▸ Task to carry out
Pictures appear among the records below and must be omitted. Repeat exactly the lines from the line with "COACH - White" to the line with "Camfield Corduroy Button Down Shacket- Cream", both included.

▸ Dataset content

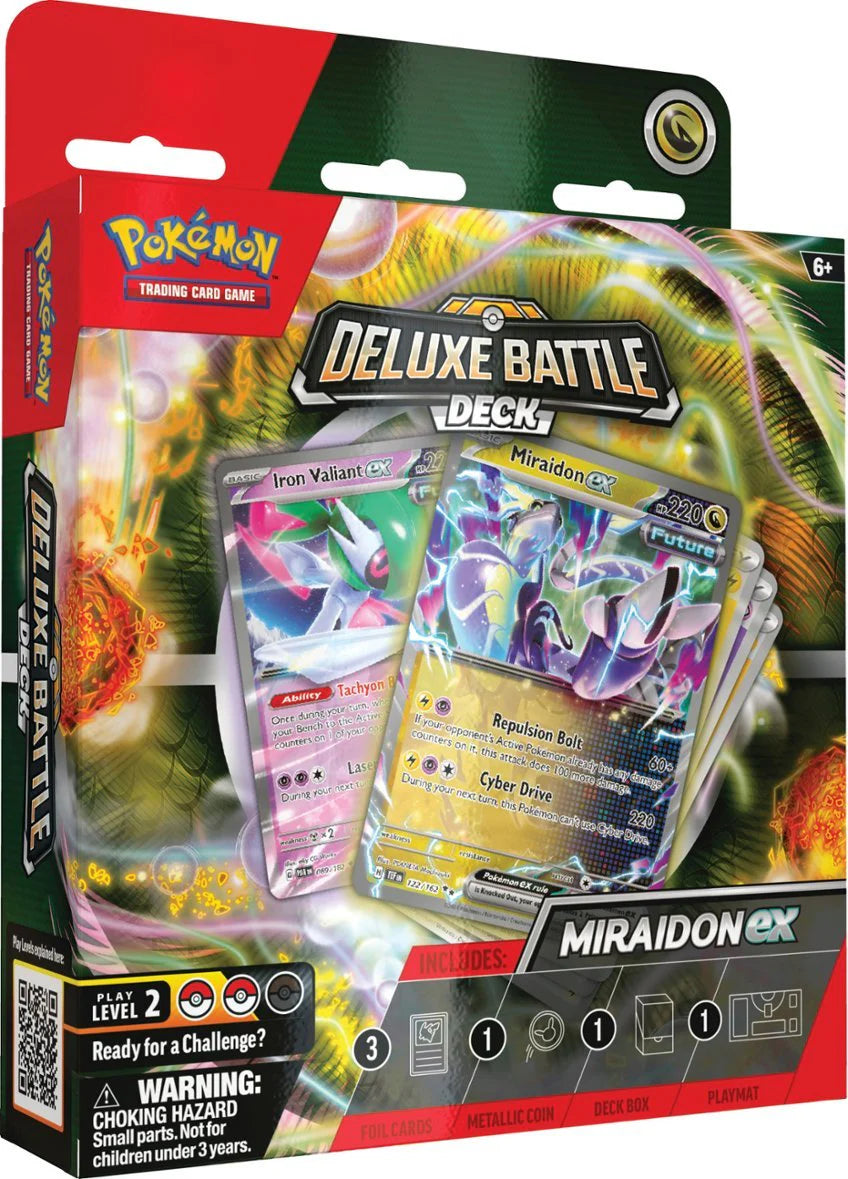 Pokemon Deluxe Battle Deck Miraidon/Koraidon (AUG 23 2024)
---
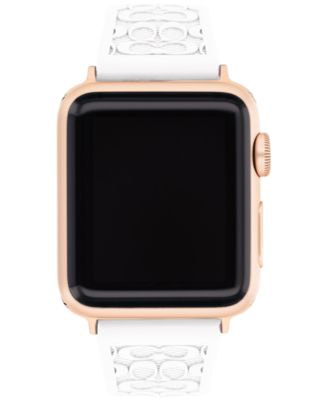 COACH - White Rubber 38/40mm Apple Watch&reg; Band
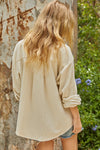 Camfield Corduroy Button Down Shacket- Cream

▸ Exercise result
 COACH - White Rubber 38/40mm Apple Watch&reg; Band
 Camfield Corduroy Button Down Shacket- Cream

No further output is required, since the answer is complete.